La tienda se había quedado en silencio. Eram masticaba lentamente su higo.

– Lo que dice tiene mérito -opinó el general.

– ¿Cuántos hombres te seguirán?

– No sé. Los que no se unan al principio vendrán después de que se sepa nuestro éxito.

– Un nuevo Hunter sale del desierto -dedujo Eram-. La nueva generación con una nueva respuesta. ¿Es así?

– Algo así.

El dirigente se puso de pie, se limpió las manos en los pantalones, y se dirigió hacia la pared de la tienda detrás de ellos.

– Permíteme mostrarte algo.

Samuel lo siguió mientras el hombre se acercaba a una ventana y levantaba el alerón de lona. Se puso en pie a un lado e invitó a Samuel a mirar. La tienda estaba sobre el borde de un enorme cañón que cortaba la meseta, una formación fácil de pasar por alto desde toda posición ventajosa. El suelo se extendía al menos varios kilómetros antes de abrirse al desierto del norte, y hasta donde Samuel podía ver, el valle estaba cubierto por tiendas, pero no las hogareñas que llenaban la ciudad. Eran las tiendas que una vez usaran los guardianes del bosque en batalla. Aquel era el ejército de Eram.

Entonces Samuel vio movimiento. Un mar de lo que había creído que eran rocas cambiaba de posición a varios kilómetros a favor del viento. Caballos en formación. Más de los que se podían contar.

– ¿Crees que nos hemos quedado con los brazos cruzados todos estos años? -indagó Eram.

Samuel se quedó helado ante el imponente tamaño del ejército.

– ¿Cuántos? -preguntó Petrus.

– Contándolos todos, ciento cincuenta… mil.

– Muchos -opinó Samuel.

– Más que los guardianes del bosque en sus mejores tiempos, reunidos de todos los siete bosques. Hombres y mujeres, todos en edad de pelear que sean mestizos y con la voluntad para retomar nuestra tierra.

– ¿Por qué no lo han hecho? -preguntó Samuel mientras se le aceleraba el pulso.

– ¿Ir contra el ejército de Qurong? Todo a su debido tiempo, amigo mío. Ellos aun nos superan en cantidad. El ejército de Qurong es de más de quinientos mil.

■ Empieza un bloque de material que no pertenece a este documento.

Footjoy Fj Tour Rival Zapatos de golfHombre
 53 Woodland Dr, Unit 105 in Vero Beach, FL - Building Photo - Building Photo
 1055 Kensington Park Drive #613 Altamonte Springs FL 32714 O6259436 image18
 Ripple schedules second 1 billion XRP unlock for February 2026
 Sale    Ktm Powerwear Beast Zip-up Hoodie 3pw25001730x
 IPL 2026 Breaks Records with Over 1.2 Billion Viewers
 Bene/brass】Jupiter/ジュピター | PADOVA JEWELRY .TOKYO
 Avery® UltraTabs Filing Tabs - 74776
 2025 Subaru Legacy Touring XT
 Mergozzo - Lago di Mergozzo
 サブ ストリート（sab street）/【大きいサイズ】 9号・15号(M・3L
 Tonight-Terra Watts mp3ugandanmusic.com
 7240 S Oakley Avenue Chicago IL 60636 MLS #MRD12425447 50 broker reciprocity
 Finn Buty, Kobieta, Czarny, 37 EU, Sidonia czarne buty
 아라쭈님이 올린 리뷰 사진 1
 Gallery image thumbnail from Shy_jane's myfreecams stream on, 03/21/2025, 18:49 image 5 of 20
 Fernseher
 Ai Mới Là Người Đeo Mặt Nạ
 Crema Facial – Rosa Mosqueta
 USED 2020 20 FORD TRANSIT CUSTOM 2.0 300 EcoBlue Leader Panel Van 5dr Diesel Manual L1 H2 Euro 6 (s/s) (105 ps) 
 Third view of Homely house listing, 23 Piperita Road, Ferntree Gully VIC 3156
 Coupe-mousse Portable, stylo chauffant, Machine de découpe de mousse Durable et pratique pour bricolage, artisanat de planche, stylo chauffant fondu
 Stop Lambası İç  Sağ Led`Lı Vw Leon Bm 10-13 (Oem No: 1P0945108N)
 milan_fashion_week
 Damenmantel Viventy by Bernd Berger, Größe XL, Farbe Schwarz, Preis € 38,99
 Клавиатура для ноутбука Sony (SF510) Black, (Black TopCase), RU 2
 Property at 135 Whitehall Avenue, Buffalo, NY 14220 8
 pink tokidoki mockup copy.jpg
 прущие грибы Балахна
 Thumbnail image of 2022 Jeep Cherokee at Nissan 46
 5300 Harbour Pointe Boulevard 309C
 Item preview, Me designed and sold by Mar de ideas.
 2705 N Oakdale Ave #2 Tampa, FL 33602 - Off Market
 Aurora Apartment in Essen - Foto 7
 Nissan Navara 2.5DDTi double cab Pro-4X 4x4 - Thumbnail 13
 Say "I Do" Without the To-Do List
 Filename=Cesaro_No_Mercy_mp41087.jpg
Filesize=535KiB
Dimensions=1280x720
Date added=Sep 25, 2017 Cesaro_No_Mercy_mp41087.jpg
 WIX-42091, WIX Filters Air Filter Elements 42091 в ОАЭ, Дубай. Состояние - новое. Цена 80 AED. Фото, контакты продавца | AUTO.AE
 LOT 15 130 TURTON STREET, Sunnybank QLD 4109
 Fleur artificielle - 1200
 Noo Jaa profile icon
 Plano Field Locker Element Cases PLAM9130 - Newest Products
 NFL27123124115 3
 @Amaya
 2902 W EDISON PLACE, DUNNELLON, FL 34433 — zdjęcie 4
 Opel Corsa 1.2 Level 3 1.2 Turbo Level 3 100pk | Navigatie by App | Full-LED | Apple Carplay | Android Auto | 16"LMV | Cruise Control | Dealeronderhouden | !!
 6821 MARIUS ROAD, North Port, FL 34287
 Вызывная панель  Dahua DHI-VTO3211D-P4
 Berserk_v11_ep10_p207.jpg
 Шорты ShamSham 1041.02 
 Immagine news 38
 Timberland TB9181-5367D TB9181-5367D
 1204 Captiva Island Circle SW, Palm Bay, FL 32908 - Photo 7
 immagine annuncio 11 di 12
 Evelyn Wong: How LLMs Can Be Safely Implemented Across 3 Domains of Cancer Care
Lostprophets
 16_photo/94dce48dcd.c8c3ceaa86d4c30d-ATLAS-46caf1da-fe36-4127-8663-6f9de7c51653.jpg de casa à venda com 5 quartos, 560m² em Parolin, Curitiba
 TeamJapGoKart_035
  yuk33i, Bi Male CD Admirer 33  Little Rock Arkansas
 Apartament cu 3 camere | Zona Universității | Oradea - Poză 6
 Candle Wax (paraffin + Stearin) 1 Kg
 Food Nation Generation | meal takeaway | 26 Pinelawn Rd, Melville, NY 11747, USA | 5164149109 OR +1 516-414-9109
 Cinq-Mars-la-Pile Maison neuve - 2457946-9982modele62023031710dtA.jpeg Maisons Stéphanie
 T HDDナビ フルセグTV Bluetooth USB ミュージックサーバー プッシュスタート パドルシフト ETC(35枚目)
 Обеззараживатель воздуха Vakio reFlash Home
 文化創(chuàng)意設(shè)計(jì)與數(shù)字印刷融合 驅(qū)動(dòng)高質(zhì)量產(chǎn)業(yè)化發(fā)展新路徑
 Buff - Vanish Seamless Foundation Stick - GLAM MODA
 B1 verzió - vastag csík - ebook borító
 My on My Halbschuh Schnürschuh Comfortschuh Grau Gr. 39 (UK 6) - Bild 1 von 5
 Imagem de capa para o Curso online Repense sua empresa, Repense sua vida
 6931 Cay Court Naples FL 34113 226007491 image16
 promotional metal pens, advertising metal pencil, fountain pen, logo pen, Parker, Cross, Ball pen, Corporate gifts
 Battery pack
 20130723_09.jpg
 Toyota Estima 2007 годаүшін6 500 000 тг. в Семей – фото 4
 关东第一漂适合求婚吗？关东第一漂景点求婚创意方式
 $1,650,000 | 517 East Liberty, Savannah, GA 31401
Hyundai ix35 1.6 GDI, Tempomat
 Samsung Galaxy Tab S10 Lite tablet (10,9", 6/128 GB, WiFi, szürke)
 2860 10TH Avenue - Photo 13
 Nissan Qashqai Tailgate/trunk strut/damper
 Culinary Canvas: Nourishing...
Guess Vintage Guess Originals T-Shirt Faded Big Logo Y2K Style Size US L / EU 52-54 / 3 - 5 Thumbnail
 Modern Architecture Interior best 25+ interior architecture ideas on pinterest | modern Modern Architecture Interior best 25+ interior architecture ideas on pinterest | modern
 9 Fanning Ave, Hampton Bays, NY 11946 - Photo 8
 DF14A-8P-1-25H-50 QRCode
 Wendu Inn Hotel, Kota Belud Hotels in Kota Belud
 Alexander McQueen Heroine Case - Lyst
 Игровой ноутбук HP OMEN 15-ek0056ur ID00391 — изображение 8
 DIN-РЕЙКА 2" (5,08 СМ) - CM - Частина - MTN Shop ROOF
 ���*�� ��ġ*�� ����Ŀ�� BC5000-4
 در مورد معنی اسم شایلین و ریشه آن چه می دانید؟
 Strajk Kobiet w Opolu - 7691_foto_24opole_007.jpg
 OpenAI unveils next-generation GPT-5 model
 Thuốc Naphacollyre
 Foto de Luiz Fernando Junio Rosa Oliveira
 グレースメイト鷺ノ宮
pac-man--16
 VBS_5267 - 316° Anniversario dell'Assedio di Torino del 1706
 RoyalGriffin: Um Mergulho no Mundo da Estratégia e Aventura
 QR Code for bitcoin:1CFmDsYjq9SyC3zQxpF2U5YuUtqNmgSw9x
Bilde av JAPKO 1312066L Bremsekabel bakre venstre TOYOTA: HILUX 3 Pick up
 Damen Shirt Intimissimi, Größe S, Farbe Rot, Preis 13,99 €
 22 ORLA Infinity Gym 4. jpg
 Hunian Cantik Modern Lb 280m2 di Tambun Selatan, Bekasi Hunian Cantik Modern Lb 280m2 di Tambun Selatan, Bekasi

Iremos cuando no haya posibilidad de fracasar -contestó Eram, y entonces respiró hondo-. Ninguna.

– Ese momento podría estar más cerca de lo que crees -consideró Samuel.

– ¿Para qué despertar antes de tiempo al oso durmiente?

– No subestimes lo que podemos hacer uno por el otro.

– ¿Cómo?

Samuel ya no tenía nada que perder.

– ¿Y si te trajera luchadores de élite que cada uno pueda derrotar a diez de las hordas con una sola espada? Estoy hablando de una nueva clase de guardianes del bosque, capaces de contener los flancos o de devastar la retaguardia de un ejército mientras los atacas de frente.

– Sí, así que hablas de…

– No estoy hablando de cuatro. Ni cuarenta.

No hubo respuesta.

– ¿Y si te pudiera traer cuatrocientos?

Esta vez Eram miró por encima del enorme desfiladero lleno con su ejército en sereno silencio. Cuando habló tenía un nuevo respeto en la voz.

– Entonces serás una leyenda entre los eramitas.